播磨黒田城跡(兵庫県西脇市)
城跡は西脇市黒田庄町黒田にあって、JR「本黒田駅」のほぼ真東に聳える低山山上に位置している。秀吉の懐刀でもある黒田如水(黒田官兵衛)は軍師としてあまりにも名を成しているが、ここを居城とした黒田氏の一族と伝わっている。
城跡へは京阪神から向えば中国自動車道「滝野社」ICが最寄の乗降口であり、降りれば国道175号より北上を続ける。黒田庄に入ればJR「本黒田駅」を目印として「田高」交差点を右折、後はルート図の如く進行すれば城山は直ぐ視界に入るので、迷わず城跡へは到達出来るものと思われる。個人的には車は付近に路駐して西側の神社参拝道より山上を目指したが、楽をしたい方は城跡の東背後に回り込む形で砂利道の車道が駐車場まで繋がっており、そちらからでも登城可能。
現状(三月)城跡は参拝道沿いの削平地を含めて全て神社敷地と化しており、当時からどこまでの地形改変があったのかは見学者の想像に委ねられるが、明らかに造成されたと思われる駐車場を除けば、ほぼ当時の山上郭跡をそのまま神社転用地としたものの様には見受けられた。山上郭は規模も小さく、ここを当時どの様な機能で利用していたのか見当も付き難いが、居住空間とすれば随分小さな屋敷跡としか見受けられず、現状見る限りでは砦あるいは物見程度の機能しか思いつかないものでもある。遺構として明確に判別可能なものは東端の堀切(縦堀)、高低差は余り無いが郭切岸跡程度であり、残存遺構の醍醐味あるいは見応えを求めた訪問であれば、落胆する事は必至である様にも見受けられた。
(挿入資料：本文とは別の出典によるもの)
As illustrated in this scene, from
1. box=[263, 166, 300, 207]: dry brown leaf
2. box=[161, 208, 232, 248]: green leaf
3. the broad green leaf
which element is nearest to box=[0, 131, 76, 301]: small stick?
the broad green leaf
ただ後で得た情報によれば、更にここから東へ尾根続きに上った(比高100m程度)先には、山上郭群(規模の大小は判明せず)が存在しているらしいので、まだ未訪の方には、これだけでは終わらない城跡と言う事だけは付け加えておきたい。
以上の事から、今回の麓に位置するこの砦規模の城跡だけに限れば、山城の風情を味わう程度、あるいは史跡見学として割り切って訪れる事が大事だとは思われるが、神社参拝ついでの訪問となれば、決して無駄足には終わらないものとみた。